* Your instructions: Reproduce verbatim the lines of the material below, starting at the line with "Calvin Klein CK" and ending at the line with "Stylish bathroom with", both inclusive; skip the rest.

* Given information:

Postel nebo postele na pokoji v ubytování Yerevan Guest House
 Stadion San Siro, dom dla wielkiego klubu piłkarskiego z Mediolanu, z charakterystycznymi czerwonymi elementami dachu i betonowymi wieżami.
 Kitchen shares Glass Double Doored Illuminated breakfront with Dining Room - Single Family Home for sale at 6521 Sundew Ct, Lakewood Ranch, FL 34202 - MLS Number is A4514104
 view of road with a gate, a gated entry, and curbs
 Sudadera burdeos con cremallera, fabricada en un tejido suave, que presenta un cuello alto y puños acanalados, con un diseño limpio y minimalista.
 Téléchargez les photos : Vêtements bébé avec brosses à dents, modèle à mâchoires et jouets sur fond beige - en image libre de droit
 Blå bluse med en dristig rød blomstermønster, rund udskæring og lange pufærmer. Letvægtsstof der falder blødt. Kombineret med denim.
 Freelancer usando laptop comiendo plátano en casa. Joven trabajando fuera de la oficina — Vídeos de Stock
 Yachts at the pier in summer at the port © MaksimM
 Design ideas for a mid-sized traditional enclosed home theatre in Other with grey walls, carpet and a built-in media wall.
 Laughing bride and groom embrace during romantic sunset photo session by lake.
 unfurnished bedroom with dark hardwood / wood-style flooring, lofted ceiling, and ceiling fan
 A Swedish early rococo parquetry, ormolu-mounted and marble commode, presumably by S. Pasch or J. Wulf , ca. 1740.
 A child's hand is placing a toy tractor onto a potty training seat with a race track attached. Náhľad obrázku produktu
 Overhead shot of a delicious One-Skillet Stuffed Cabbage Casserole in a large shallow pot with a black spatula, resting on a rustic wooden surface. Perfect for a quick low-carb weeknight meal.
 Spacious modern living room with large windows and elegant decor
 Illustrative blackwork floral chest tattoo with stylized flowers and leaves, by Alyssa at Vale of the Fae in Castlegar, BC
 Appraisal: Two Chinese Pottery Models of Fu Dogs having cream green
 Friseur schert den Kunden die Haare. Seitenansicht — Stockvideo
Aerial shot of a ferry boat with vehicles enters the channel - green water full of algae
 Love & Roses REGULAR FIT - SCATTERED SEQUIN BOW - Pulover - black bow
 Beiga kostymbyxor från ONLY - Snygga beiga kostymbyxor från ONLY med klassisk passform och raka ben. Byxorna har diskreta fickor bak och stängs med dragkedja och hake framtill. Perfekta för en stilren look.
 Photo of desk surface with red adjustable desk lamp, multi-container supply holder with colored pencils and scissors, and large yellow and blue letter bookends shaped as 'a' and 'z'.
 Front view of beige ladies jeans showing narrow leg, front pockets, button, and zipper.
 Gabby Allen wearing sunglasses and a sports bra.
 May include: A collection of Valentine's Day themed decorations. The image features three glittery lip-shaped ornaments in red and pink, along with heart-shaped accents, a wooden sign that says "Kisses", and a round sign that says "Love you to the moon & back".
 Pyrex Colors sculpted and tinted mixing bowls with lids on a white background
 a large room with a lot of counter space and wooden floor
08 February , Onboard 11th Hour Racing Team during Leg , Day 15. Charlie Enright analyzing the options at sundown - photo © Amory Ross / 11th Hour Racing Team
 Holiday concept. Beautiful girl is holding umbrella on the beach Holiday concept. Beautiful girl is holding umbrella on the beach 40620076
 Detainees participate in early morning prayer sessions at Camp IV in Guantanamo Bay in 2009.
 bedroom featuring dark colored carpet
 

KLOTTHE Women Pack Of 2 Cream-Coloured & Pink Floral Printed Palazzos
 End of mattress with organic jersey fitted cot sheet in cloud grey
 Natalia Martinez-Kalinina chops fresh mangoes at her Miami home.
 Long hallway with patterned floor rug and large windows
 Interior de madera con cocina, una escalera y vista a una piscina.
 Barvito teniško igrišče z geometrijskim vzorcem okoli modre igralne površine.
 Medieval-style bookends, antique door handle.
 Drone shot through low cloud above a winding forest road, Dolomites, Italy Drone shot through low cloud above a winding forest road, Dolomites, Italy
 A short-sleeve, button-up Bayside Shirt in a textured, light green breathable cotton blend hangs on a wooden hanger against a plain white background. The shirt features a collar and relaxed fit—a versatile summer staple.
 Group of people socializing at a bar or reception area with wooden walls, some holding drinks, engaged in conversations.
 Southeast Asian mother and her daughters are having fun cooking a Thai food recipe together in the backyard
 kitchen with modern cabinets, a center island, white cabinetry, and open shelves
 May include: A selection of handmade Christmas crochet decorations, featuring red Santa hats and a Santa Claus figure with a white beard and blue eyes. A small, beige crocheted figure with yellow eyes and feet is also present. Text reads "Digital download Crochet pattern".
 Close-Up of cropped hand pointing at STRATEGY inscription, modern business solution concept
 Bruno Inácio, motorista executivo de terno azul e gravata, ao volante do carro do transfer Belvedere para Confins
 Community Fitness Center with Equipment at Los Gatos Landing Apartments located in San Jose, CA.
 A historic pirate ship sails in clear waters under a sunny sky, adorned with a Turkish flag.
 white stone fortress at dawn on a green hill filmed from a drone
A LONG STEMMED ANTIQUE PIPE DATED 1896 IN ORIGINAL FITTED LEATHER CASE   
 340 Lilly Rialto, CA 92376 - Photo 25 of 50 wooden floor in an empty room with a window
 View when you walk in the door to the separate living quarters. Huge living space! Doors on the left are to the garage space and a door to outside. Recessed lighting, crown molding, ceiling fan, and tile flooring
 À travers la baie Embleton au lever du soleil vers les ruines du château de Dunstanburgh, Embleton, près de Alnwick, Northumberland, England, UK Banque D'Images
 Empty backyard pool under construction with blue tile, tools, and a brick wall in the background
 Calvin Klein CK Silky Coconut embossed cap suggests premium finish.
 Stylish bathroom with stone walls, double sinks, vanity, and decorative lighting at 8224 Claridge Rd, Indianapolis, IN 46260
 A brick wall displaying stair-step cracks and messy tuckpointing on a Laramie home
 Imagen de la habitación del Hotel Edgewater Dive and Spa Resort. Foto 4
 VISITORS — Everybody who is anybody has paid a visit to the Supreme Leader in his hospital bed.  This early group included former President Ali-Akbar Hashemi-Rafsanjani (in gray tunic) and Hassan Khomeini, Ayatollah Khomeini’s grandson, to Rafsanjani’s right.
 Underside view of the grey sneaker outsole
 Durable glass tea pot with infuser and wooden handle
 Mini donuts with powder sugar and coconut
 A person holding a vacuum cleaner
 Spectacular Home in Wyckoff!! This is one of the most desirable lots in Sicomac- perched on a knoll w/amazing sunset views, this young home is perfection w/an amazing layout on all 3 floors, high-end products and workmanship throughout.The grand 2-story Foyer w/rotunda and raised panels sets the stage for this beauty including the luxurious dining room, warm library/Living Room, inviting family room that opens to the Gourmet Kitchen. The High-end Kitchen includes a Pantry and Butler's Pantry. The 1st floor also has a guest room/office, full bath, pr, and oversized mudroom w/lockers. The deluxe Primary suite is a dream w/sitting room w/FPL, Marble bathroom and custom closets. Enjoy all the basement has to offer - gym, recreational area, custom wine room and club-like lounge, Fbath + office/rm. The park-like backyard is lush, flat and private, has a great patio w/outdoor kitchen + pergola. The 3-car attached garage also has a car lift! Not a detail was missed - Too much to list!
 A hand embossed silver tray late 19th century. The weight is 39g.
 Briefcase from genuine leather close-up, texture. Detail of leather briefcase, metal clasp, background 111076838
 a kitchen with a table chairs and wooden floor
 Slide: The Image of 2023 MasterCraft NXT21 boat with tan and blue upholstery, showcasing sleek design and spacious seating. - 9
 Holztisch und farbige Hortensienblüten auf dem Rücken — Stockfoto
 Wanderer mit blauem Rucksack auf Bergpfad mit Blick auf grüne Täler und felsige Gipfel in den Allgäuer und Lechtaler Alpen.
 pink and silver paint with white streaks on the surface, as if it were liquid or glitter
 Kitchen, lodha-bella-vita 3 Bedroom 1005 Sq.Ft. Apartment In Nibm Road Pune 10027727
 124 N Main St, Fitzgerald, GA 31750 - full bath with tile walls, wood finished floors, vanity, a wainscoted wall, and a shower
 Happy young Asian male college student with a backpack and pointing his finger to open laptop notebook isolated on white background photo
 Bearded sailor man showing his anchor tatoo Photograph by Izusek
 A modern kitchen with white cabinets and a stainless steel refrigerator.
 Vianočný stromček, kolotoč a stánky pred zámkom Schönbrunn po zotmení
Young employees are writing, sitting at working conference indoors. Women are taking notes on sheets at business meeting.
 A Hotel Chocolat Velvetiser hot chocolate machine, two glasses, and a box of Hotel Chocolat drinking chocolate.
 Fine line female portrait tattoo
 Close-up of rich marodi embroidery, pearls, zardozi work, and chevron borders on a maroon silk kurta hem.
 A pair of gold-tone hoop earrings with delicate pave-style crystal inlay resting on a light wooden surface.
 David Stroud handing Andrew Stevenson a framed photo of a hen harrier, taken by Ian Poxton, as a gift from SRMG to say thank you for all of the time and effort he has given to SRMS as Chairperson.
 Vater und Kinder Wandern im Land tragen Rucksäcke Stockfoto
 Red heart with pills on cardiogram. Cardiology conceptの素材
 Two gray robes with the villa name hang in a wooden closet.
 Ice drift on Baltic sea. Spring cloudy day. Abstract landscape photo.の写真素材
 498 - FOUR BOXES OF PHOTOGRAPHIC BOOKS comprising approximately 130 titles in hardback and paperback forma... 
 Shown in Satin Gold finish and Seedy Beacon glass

* Solution below:
 Calvin Klein CK Silky Coconut embossed cap suggests premium finish.
 Stylish bathroom with stone walls, double sinks, vanity, and decorative lighting at 8224 Claridge Rd, Indianapolis, IN 46260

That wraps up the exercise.